Metro Snapshot: April 29, 2008
The Raptors were eliminated, the Habs lost, the economy was faltering, but hey, Canada's finally getting the iPhone! To find out what you need to know today, read the Metro Snapshot.
An aboriginal judge will lead a long-awaited commission to hear "horrendous"
accounts of abuse in native residential schools, and a woman who said she was abused by her husband told police on video that her husband had threated to kill her five weeks before she was found dead. Canada's faltering economy was the focus as Parliament resumed Monday, and the minister of immigration said that the government was trying to limit the number of immigration applications to Canada. The B.C. government introduced legislation to create North America's first carbon tax, which will start on Canada Day, and Rogers announced it would bring the Apple iPhone to Canada but did not specify a day.
U.S. Marines used helicopters and Humvees to launch an operation in southern Afghanistan, and the Communist Party of Cuba announced its first congress since 1997. A congressional investigation found that the White House is undermining the Environmental Protection Agency's ability to
determine health dangers of toxic chemicals by letting non-scientists
have a bigger—often secret—role. "By law the EPA must protect our families from dangerous chemicals,"

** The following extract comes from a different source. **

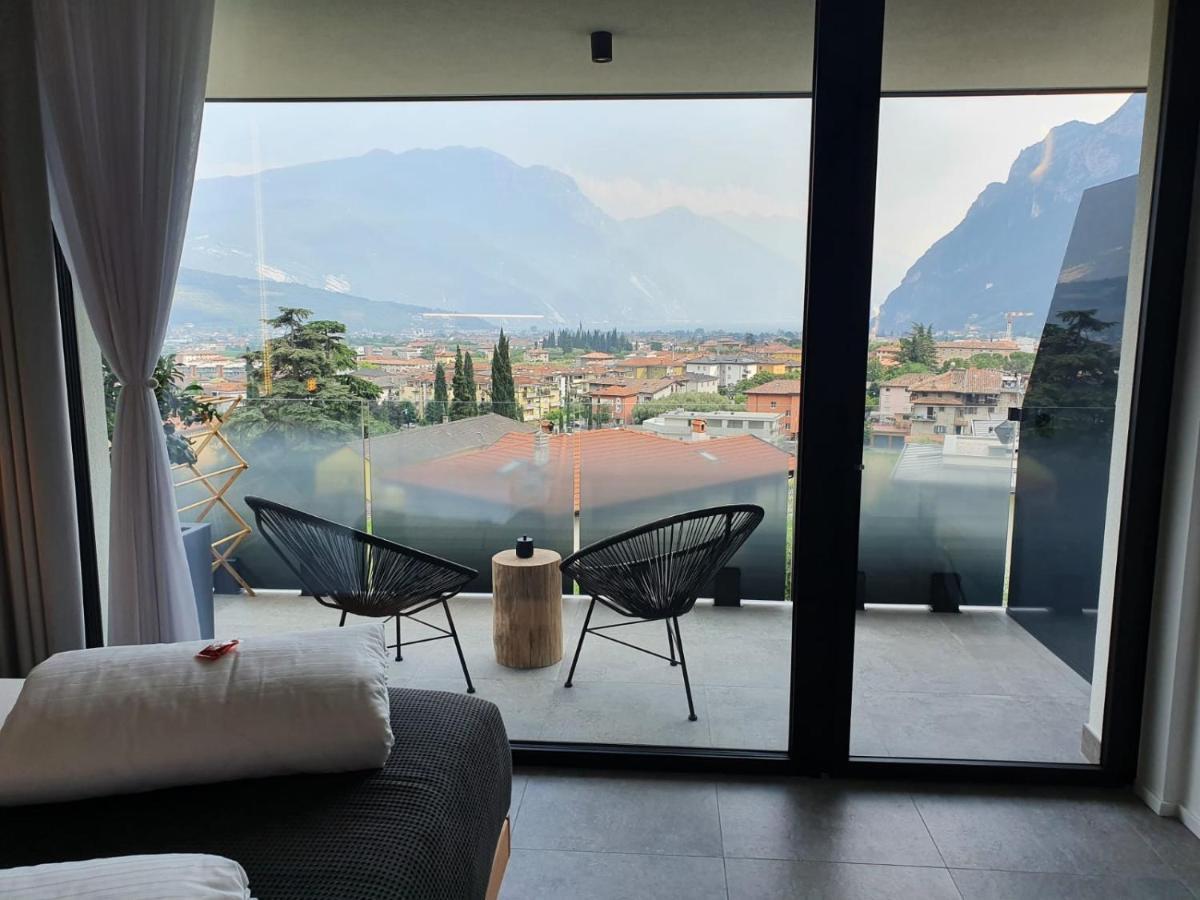 Visioni Lake View Boutique Rooms & Breakfast - Adults Friendly Riva del Garda Bagian luar foto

said Senator Barbara Boxer (D-Calif.), the Senate committee's chairman.
"Instead, they're protecting the chemical companies." Barack Obama's former pastor Rev. Jeremiah Wright caused controversy by defending himself against allegations that he's anti-American.

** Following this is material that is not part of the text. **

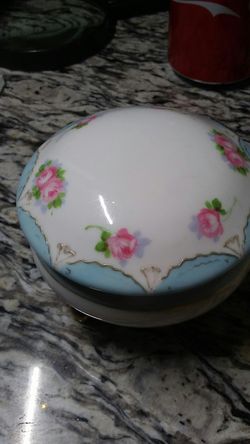 Hand painted Nippon bowl with top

Gwyneth Paltrow felt like a "shell of herself" when she was suffering from post-partum depression, and Mariah Carey said her failed marriage was like being kidnapped in a "golden cage." Coldplay announced they'd offer a free download of their new single, and Rick McGinnis took a closer look at Jimmy Fallon. The Raptors were eliminated, and the Philadelphia Flyers took the lead in their series against the Montreal Canadiens.